Data |
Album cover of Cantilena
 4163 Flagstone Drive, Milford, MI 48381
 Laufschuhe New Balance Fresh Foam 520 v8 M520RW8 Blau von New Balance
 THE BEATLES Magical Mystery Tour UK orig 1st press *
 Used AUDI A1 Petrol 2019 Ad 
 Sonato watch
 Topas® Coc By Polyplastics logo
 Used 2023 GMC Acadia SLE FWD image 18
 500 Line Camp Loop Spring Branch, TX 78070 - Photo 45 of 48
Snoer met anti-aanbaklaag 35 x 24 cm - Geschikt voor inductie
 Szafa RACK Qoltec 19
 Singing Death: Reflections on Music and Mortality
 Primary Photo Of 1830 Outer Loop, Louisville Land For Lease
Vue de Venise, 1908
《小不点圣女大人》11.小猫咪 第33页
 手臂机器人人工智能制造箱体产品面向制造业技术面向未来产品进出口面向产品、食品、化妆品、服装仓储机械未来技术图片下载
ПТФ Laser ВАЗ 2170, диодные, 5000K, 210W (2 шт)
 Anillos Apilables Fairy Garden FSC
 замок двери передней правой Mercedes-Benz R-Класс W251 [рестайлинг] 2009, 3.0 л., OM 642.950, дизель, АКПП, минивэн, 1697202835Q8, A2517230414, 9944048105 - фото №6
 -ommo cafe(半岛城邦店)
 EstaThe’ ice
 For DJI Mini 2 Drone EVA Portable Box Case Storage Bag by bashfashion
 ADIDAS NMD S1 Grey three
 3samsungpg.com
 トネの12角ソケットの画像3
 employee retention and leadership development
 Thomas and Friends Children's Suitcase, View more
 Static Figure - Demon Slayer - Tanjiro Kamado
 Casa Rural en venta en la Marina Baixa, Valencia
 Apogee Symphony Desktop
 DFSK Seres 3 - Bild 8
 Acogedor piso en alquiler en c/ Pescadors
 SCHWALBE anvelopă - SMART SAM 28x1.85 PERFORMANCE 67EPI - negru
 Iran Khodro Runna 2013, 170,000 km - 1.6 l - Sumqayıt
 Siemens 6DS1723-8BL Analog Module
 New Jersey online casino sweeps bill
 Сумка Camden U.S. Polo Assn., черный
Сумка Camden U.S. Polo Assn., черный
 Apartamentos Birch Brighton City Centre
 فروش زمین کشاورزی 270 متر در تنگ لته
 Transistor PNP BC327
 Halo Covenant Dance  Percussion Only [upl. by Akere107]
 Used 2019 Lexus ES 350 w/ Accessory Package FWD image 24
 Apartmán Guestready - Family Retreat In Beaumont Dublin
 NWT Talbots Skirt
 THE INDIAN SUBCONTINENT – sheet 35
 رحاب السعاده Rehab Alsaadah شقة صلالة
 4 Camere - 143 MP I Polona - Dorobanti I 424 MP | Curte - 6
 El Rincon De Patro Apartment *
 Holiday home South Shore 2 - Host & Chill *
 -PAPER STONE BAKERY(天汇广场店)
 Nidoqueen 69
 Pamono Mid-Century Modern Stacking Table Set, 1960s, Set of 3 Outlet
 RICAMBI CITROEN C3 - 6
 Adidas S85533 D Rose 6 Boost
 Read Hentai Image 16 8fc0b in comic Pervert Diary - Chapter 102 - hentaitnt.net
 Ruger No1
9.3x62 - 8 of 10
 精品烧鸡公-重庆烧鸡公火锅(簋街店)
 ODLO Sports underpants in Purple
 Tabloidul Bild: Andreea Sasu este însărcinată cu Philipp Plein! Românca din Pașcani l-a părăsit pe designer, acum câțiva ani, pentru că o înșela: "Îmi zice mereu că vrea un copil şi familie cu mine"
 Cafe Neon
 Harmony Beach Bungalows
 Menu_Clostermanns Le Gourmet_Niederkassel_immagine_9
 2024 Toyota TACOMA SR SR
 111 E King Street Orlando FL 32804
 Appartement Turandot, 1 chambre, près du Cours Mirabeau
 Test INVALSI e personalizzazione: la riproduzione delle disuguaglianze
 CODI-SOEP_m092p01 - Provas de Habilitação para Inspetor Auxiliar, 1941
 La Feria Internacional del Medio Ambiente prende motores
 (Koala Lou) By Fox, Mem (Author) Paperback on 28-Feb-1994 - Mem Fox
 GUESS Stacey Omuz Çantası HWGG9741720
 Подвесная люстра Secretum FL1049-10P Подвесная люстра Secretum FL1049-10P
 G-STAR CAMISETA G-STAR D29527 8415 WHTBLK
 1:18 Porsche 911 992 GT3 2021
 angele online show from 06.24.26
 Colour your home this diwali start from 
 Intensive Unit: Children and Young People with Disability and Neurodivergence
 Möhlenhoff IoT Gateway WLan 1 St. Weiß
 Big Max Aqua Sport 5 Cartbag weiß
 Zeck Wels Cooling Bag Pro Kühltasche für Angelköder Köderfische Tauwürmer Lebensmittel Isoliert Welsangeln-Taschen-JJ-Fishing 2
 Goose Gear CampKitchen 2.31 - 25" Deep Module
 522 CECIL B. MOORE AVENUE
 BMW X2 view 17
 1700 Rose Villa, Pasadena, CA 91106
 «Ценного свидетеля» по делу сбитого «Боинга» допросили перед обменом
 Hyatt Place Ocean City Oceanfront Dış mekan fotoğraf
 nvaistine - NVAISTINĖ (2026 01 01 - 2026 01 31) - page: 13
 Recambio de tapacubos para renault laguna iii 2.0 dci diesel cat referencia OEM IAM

The problem | Going down the listing above, begin printing at the line with "Vue de Venise, 1908" and finish with the line with "EstaThe’ ice", exactly as they appear.

Your solution |
Vue de Venise, 1908
《小不点圣女大人》11.小猫咪 第33页
 手臂机器人人工智能制造箱体产品面向制造业技术面向未来产品进出口面向产品、食品、化妆品、服装仓储机械未来技术图片下载
ПТФ Laser ВАЗ 2170, диодные, 5000K, 210W (2 шт)
 Anillos Apilables Fairy Garden FSC
 замок двери передней правой Mercedes-Benz R-Класс W251 [рестайлинг] 2009, 3.0 л., OM 642.950, дизель, АКПП, минивэн, 1697202835Q8, A2517230414, 9944048105 - фото №6
 -ommo cafe(半岛城邦店)
 EstaThe’ ice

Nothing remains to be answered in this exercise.